Analysts weigh in on recent Toronto market developments

Industry observers have their say amid latest numbers showing blistering rates of growth in the Toronto housing market

Analysts weigh in on recent Toronto market developments
Fresh numbers on the Toronto real estate sector painted a picture of a market on overdrive, with the latest edition of the Teranet-National Bank Composite House Price Index showing that home prices in the city increased by 20.9 per cent year-over-year in January, and the Canadian Real Estate Association (CREA) stating that average home resale prices in Toronto saw a 22.6 per cent annual increase last month.

BMO Capital Markets chief economist Doug Porter issued a strong warning in the wake of these figures.

“Let's drop the pretense. The Toronto housing market - and the many cities surrounding it - are in a housing bubble,” Porter wrote in a research note last week. “Toronto and any city that is remotely within commuting distance are overheating, and perhaps dangerously so.”

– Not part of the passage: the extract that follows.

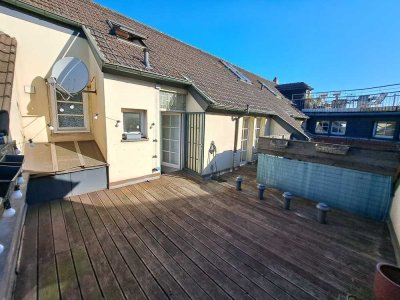 Stilvolle Altbau Dachgeschosswohnung mit Terrasse im Zentrum von Duisburg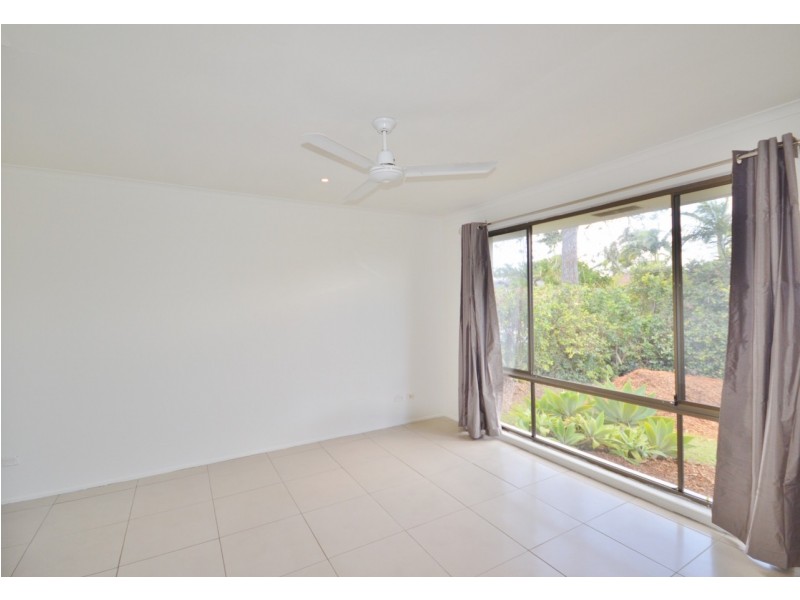 6 Wanderer Avenue, Mermaid Waters QLD 4218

“A random sample of homes that sold this month alone shows a median selling price of 25 per cent over asking, with not one staying on the market longer than eight days. Even pigs are flying in this hurricane of a market,” the economist added recently, as quoted by The Globe and Mail.

Meanwhile, Capital Economics senior Canada economist David Madani noted that contrary to the assumptions underlying recent federal-level changes to mortgage rules, Toronto Real Estate Board numbers revealed that younger buyers aren’t to blame for Toronto’s consistent price growth.

“[First-time] home buyers aren’t the ones driving the biggest gains in Toronto house prices, based on the simple logic that they simply don’t have high enough incomes to afford them, by any mortgage lenders' standard,” Madani said.

“Existing homeowners, by leveraging their considerable housing equity to buy newer, bigger or more beautiful homes, are the primary driving force now boosting house prices in Toronto,” he added. “If that’s the case, then it also stands to reason that there cannot be a major shortage of houses for people to live in.”